Die von der japanischen Regierung veröffentlichten Erdbeben-Risikokarten sind falsch und möglicherweise Mitschuld an der unzureichenden Sicherung des Atomkraftwerks von Fukushima. Diese harsche Kritik äußert jetzt ein Seismologe der Universität Tokio in einem Kommentar in „Nature“. Die Methodik der Risikoermittlung sei veraltet und basiere auf einer längst widerlegten seismologischen Theorie, die suggeriere, dass eine kurzfristige Erdbebenvorhersage möglich sei.
Als am 11. März 2011 vor der japanischen Küste bebte, war dies aus gleich zwei Gründen unerwartet: Zum einen, weil der Untergrund in dieser Region erst kurz zuvor schon einmal gebebt hatte, zum anderen aber, weil dieses Gebiet auf japanischen Vorhersagekarten nicht als hochgradig erdbebengefährdet gilt. Japanische Experten betonten daher nach dem 11. März immer wieder, dieses Beben sei – im Gegensatz zu anderen – unvorhersehbar gewesen. Doch die nationalen seismischen Risikokarten und ihre wissenschaftliche Basis sind jetzt in heftige Kritik geraten.
Veraltetes Modell der seismischen Lücke
Der Seismologe Robert J. Geller von der Universität Tokio kritisiert in einem Kommentar in „Nature“ Regierung und Behörden scharf dafür, bei der Erstellung dieser Risikokarten veraltete Modelle und widerlegte Theorien zugrunde zu legen. Grundlage der Risikokarten bildet bis heute die Theorie der „seismischen Lücke“: die Annahme, dass entlang einer Verwerfung dort ein besonders schweres Beben droht, wo sich die Spannung im Untergrund lange Zeit nicht mehr durch ein Starkbeben entladen hat.

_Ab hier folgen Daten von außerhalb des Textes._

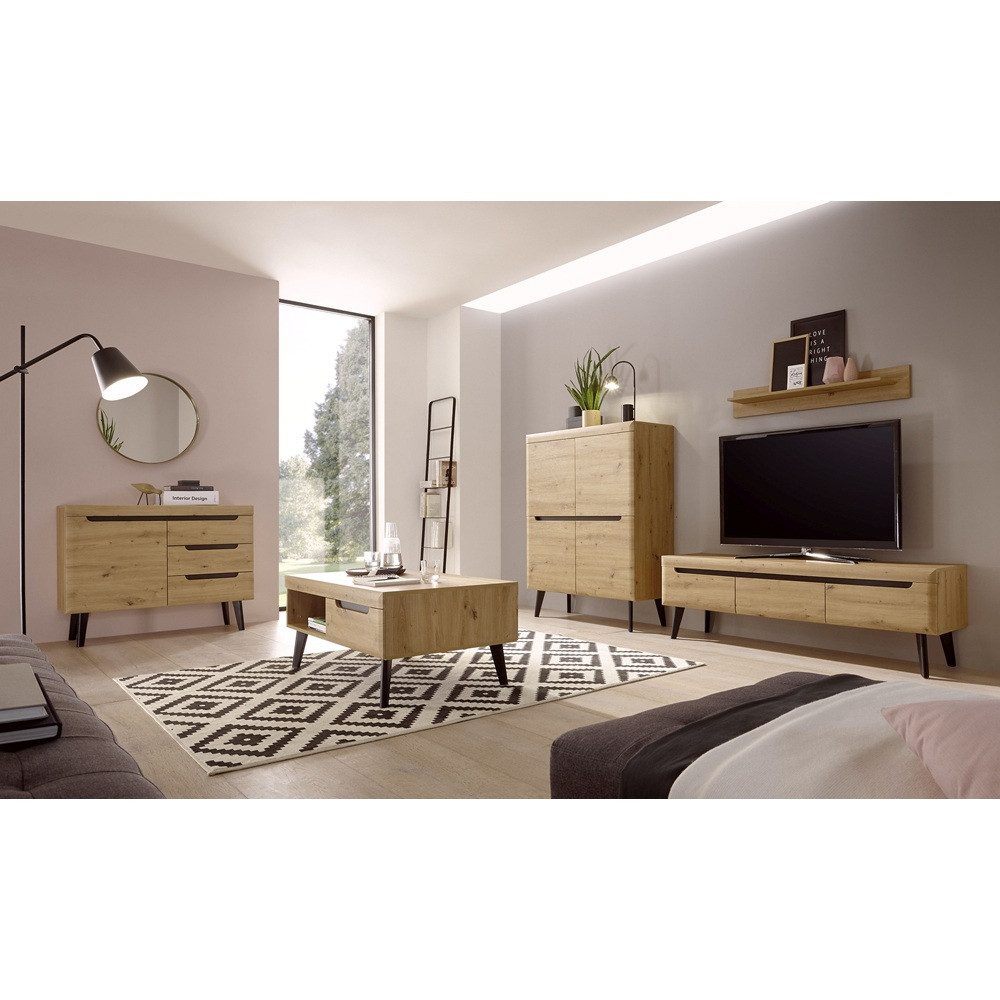Lomadox Wohnzimmer-Set TIROL-61, (Mega-Spar-Set, 5-St., 5-tlg), Eiche mit Schwarz skandinavisches Design mit Couchtisch und Sideboard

„Die Modellierer nehmen einfach an, dass es charakteristische Erdbeben für verschiedene Zonen gibt, wählen die Verwerfungsparameter für jede Zone als Input für ihr Modell und erzeugen dann auf Wahrscheinlichkeiten beruhende Risikokarten“, erklärt Geller. Nach diesem Modell droht in drei Zonen entlang der Plattengrenze von Eurasischer und Philippinischer Platte besonders Gefahr, als Tokai, Tonankai und Nankai bezeichnet. Auch der 1978 von der japanischen Regierung verabschiedete „Large-Scale Earthquake Countermeasures Act“ (LECA) basiert auf diesen Modellen und sieht insbesondere in diesen Gebieten intensive Überwachung und Erdbeben-Übungen vor.